(Web page caption snippets)
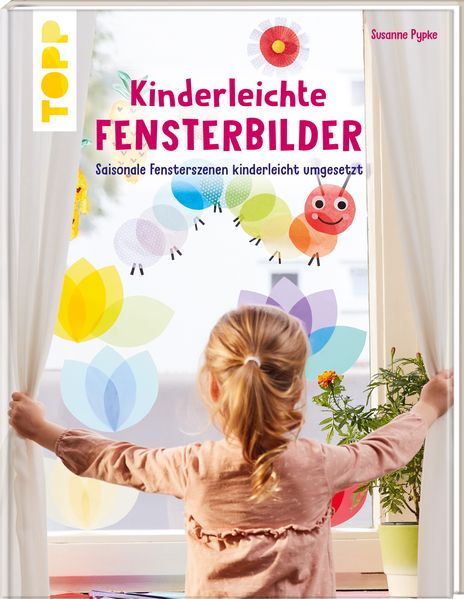 Boek "Kinderleichte Fensterbilder"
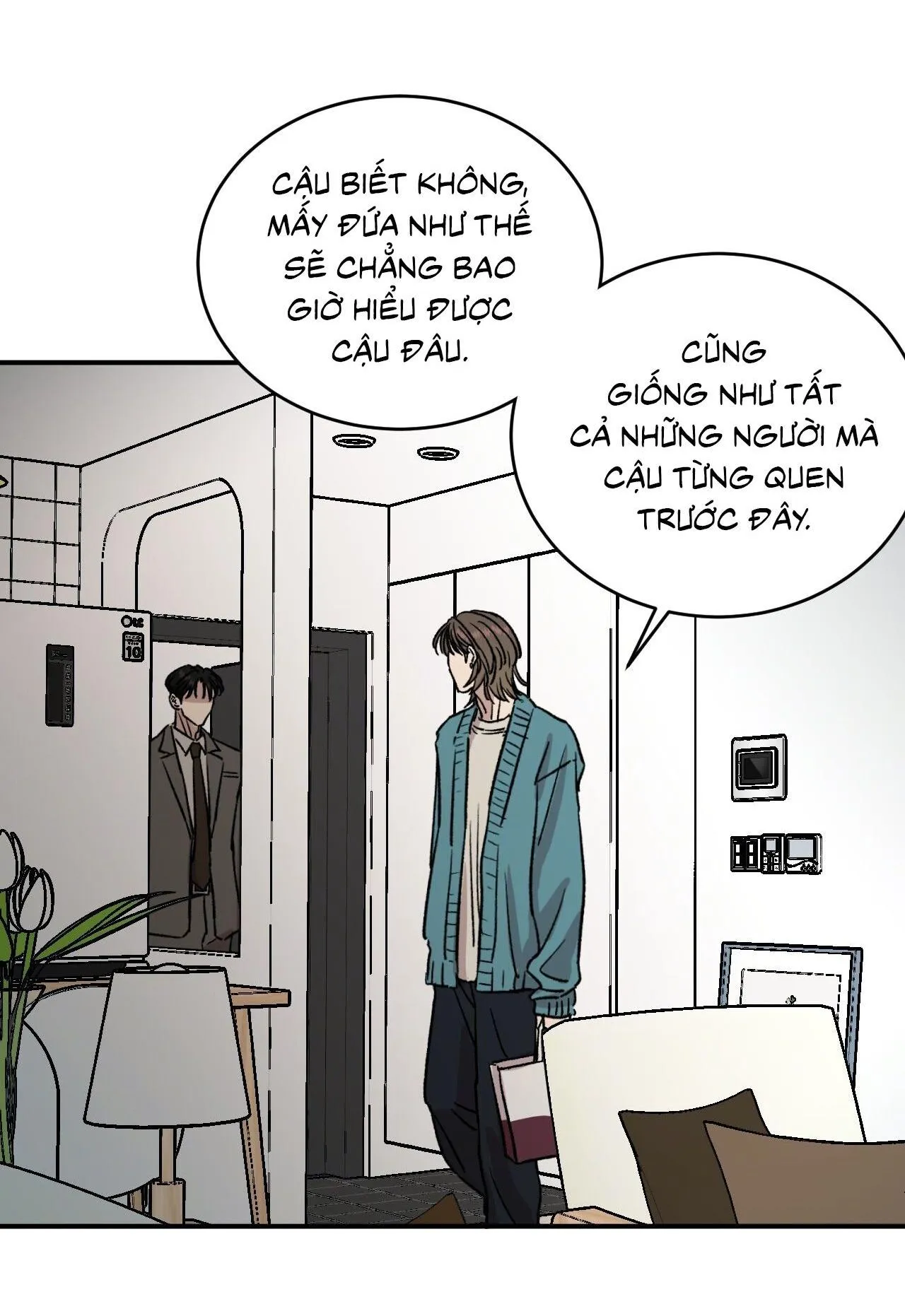 Nhà của chúng ta Chapter 33 Trang 13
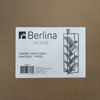 Imagen de Mueble biblioteca árbol de hierro y MDF, en caja Berlina Home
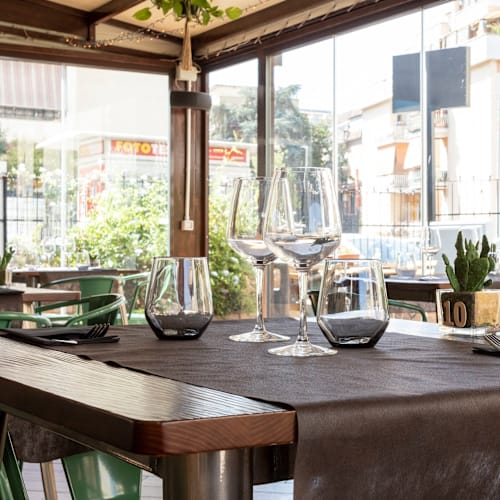 Friccico Green Bakery, Roma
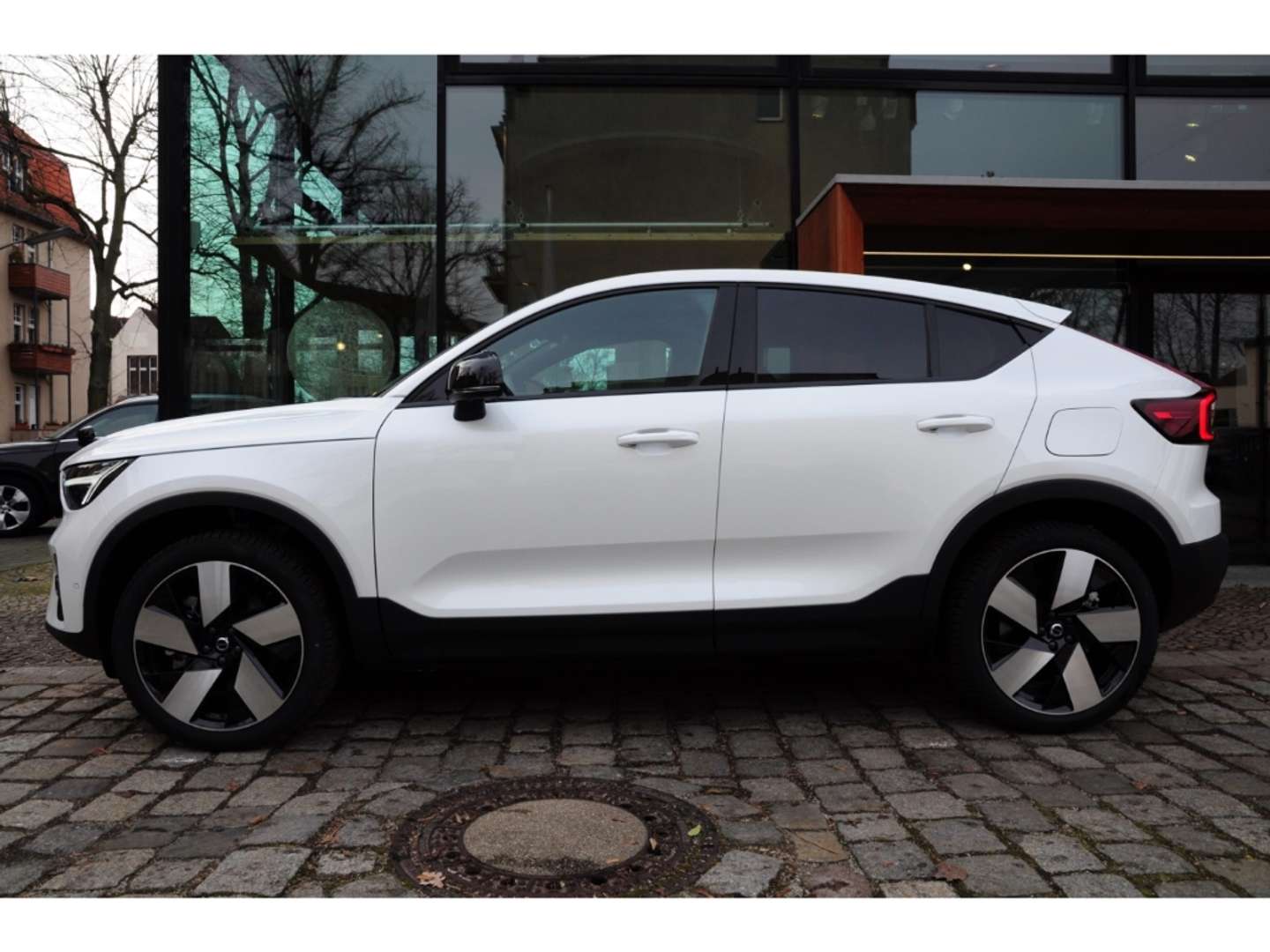 Volvo C40 Single Motor Extended Range Ultimate - 2023 - Joinsteer - #4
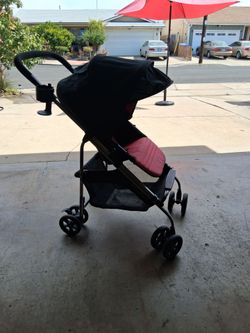 Stroller One Seater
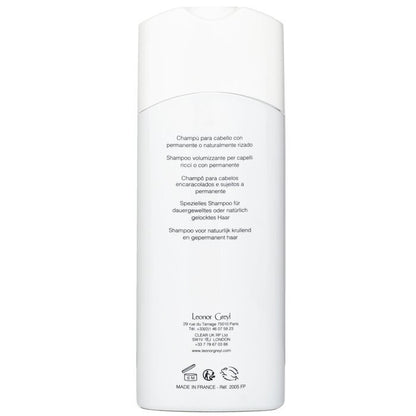 Leonor Greyl Bain Restructurant A La Banane Volumizing Shampoo For Curly Or Permed Hair 200ml/6.7oz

> [Directions]: Repeat the data exactly as given. Keep every picture out of the copy.

> [Problem solution]:
 Boek "Kinderleichte Fensterbilder"
 Nhà của chúng ta Chapter 33 Trang 13
 Imagen de Mueble biblioteca árbol de hierro y MDF, en caja Berlina Home
 Friccico Green Bakery, Roma
 Volvo C40 Single Motor Extended Range Ultimate - 2023 - Joinsteer - #4
 Stroller One Seater
 Leonor Greyl Bain Restructurant A La Banane Volumizing Shampoo For Curly Or Permed Hair 200ml/6.7oz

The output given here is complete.